Starch and polish

Toward what he assumed would be the end of his Viet Nam tour, Juris was plagued by the decision of whether or not to extend: stay longer in Viet Nam but serve a shorter total hitch in the army, or return to a stateside post but owe the army more of his life. Ultimately, the decision would be made for him by the Tet Offensive, which extended his tour involuntarily. But in the meantime, he wondered whether he could stand ‘real’ military life back home. As he wrote, “The Army really wouldn’t be so bad if it wasn’t so military and so much like an army.” For the anti-authoritarian Juri, stateside duty sounded like hell.

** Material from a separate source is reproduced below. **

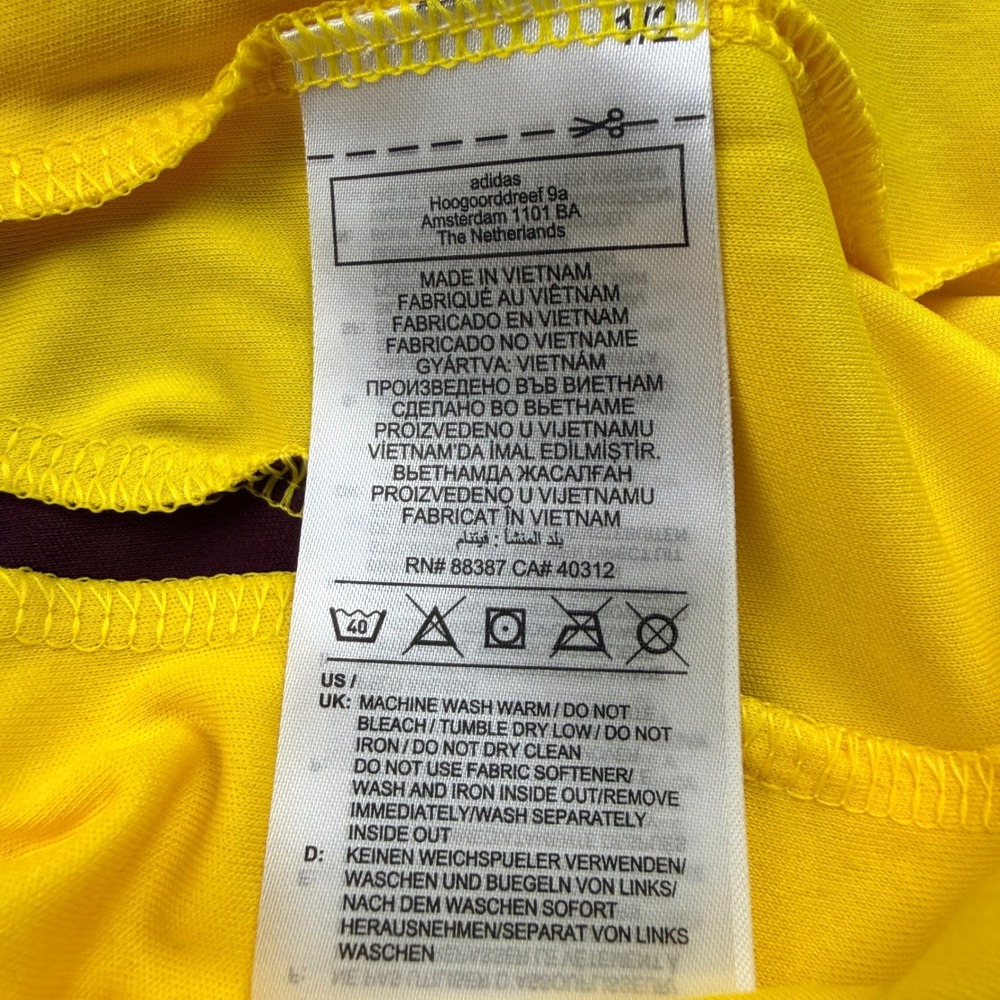 Adidas Kids Goalkeeper Jersey‎ Yellow Maroon Long Sleeve AEROREADY 11-12Y NWT - Picture 7 of 11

“Hopped back to Phu Bon and resumed polishing for the general. A cute guy as generals go. Friendly too, even shook hands with me, but then I guess he couldn’t do much else—our salutes are much too embarrassingly unmilitary. Hardly remember how. Thank god I got stuck in the boondocks. Not too much protocol around here. It’d be really rough to take all this junk otherwise. Bad enough being here without having to put up with the finer aspects of military life. I don’t know if I can get used to the States again. Rolling socks and boots and formations and starch and polish. Will not be easy. The big outposts and the Army are getting worse and worse. It’s getting to be like stateside, really. In Pleiku and Da Nang you’d think you were back in a major post in Washington, DC or something. You can hardly tell it’s a war zone: inspections, formal guard mounts. We don’t have any here. People just sling a rifle over their shoulder and walk around with soft caps on, a magazine in their weapon. Oh, the States. How are you going to take this stuff seriously after standing next to some light bird colonel in the morning and watching him shave his feeble face in his drawers?”